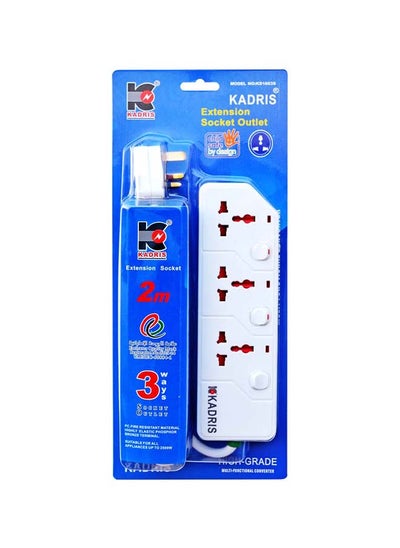 اشتري Power Strips KD1603S Heavy Duty Extension Cord with 3 way Outlets with switches, Charging Socket with 2 meter Heat resistant  Extension Cord (White) في الامارات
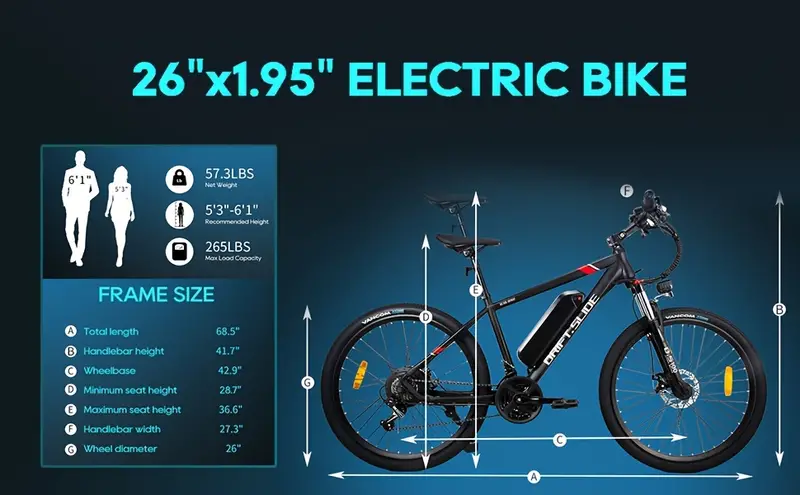   el&eacute;ctrica de 26 pulgadas,   sin escobillas de 500 W [  de 21 velocidades],   de monta&ntilde;a el&eacute;ctrica de 36   A,   el&eacute;ctrica de cercan&iacute;as con suspensi&oacute;n de horquilla detalles 2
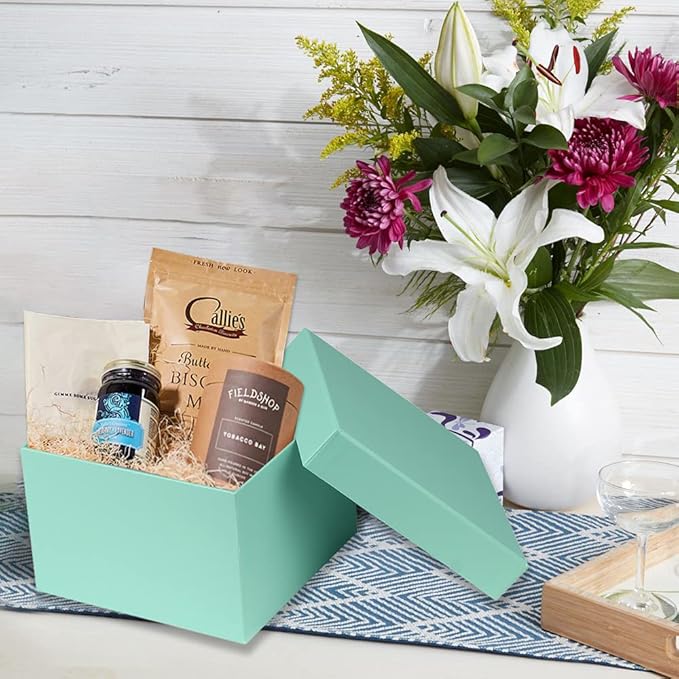 Briful Square Gift Boxes with Lids Set of 4 Teal Green Gift Box Assorted Sizes Nesting Gift Boxes for Presents Birthday Bridesmaid Wedding Valentines Christmas Party Favor Boxes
● ● ● ●
WORK INSTRUCTION: When you copy the data, keep every line exact and leave out each picture.

SOLVED PROBLEM:
 اشتري Power Strips KD1603S Heavy Duty Extension Cord with 3 way Outlets with switches, Charging Socket with 2 meter Heat resistant  Extension Cord (White) في الامارات
   el&eacute;ctrica de 26 pulgadas,   sin escobillas de 500 W [  de 21 velocidades],   de monta&ntilde;a el&eacute;ctrica de 36   A,   el&eacute;ctrica de cercan&iacute;as con suspensi&oacute;n de horquilla detalles 2
 Briful Square Gift Boxes with Lids Set of 4 Teal Green Gift Box Assorted Sizes Nesting Gift Boxes for Presents Birthday Bridesmaid Wedding Valentines Christmas Party Favor Boxes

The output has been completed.